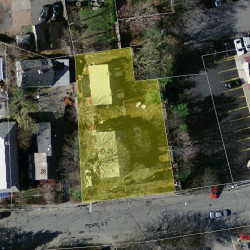 23 Pearl St, Newton MA  02458-1635 aerial view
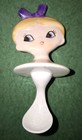 Vintage Mg Dolly Girl Relish Jar Holt Howard Pixieware Era Condiment Holder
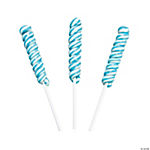 Light Blue Mini Twisty Lollipops - 24 Pc.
——
Exercise brief →
When you write out the material above, keep every line exact and drop each picture.

Exercise solution →
 23 Pearl St, Newton MA  02458-1635 aerial view
 Vintage Mg Dolly Girl Relish Jar Holt Howard Pixieware Era Condiment Holder
 Light Blue Mini Twisty Lollipops - 24 Pc.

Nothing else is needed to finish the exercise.